Joel Gethin Lewis
Lecture 2
Thanks again to Rune Madsen for putting his course online:
http://printingcode.runemadsen.com/lecture-form/.
http://printingcode.runemadsen.com/lecture-form-2/.
Don't forget to click to the slides and press 's' Joel!
Thanks again to Ali Almossawi for writing his book.
Read the Matching socks and Finding your size chapters of "Bad Choices" Joel!
The website for p5.js is: https://p5js.org
The following content is all from the "Learn" section of the p5.js website.
Hello p5.js and Get Started and finally some Examples.
Don't forget you can right click or CTRL click any time to save a png!
Before we get on to how JavaScript stores information in Variables and Data Types, I want to go back to the previous lecture.

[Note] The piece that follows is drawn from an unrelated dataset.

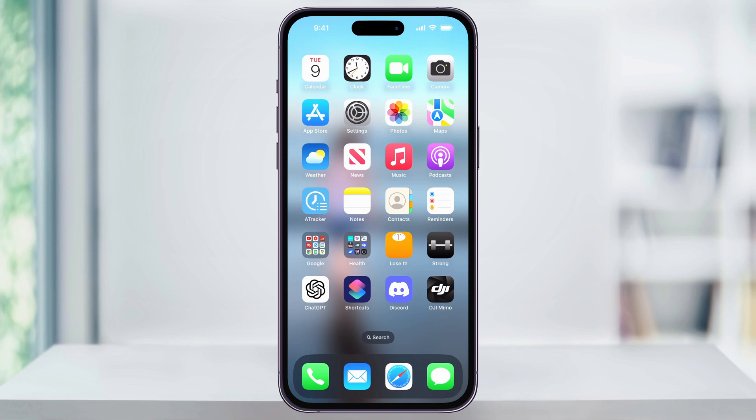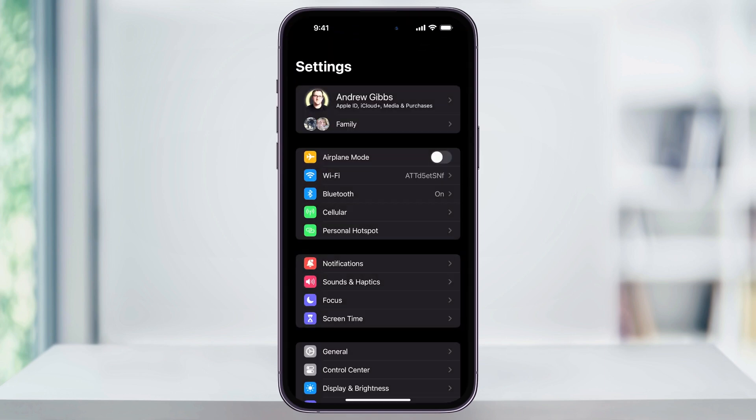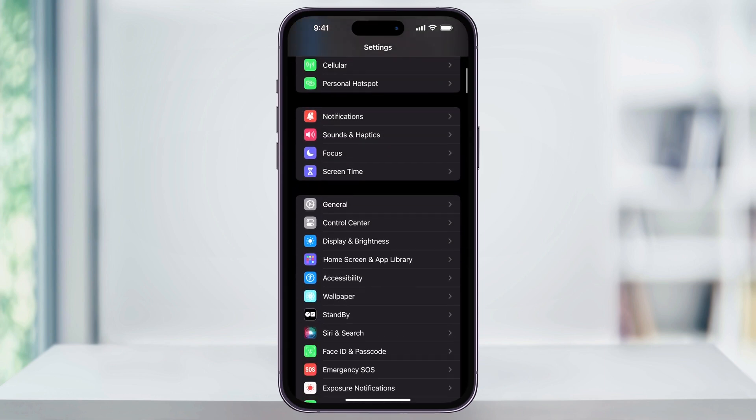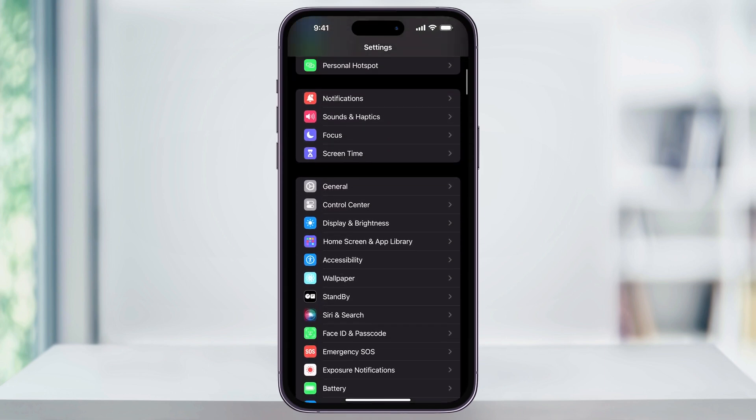To get started, first find and open the Settings app on your iPhone's home screen. Once you're inside of here, scroll down a little bit, and then here near the center, you'll see Display and Brightness. Choose this.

Remember how we learnt to count in binary?
Does anyone know what a Megabyte is?
A million bytes! (Actually a bit more).
What is a byte?
A byte is 8 bits.
(I remember this by saying Beight in my head).
What is a bit?
A bit is a Binary digIT.
A 1 or a 0.
So everything stored on a computer is just a 1 or a 0.
Turns out it's much easier to encode binary numbers as hexadecimal numbers to make them a bit more readable.

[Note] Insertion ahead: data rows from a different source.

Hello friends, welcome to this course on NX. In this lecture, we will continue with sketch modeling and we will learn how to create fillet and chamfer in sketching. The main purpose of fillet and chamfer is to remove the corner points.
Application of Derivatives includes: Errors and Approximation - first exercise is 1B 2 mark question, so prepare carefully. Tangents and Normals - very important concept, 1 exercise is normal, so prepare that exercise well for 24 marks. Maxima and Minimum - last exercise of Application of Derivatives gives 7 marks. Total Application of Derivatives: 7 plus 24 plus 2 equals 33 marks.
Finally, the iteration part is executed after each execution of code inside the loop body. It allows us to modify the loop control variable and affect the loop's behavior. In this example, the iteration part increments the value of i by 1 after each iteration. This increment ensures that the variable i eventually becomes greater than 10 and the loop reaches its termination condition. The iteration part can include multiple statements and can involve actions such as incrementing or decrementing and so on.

Hexadecimal means base 16! So: 0,1,2,3,4,5,6,7,8,9,A,B,C,D,E,F.
Each byte (eight bits) can be encoded as two base 16 numbers.

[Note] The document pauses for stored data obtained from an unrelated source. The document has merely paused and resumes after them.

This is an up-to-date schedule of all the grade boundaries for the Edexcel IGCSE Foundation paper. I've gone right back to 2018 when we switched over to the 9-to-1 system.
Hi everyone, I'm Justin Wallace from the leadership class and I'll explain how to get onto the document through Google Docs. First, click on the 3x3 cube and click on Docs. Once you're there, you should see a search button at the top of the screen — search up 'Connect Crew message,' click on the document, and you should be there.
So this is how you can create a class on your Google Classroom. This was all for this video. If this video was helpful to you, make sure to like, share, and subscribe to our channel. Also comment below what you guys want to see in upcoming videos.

11010100 in binary would be D4 in hex.
FFFF3 in hex would be 11111111111111110011 in binary!
Lets open a JPEG in a Hex Editor to see what it looks like.
Open BobDylanSelfPortraitSigned.jpg.
We can see when the photo was taken and with which camera!
Lots of files have this kind of information encoded in them. Usually in ASCII encoding.
Demonstrate looking up A in the editor in a ASCII table.
The following content is all from the JavaScript Basics section of the p5.js wiki.
How JavaScript gets added to webpages.
Types: Numbers, Strings and Booleans.
Assignment and operators.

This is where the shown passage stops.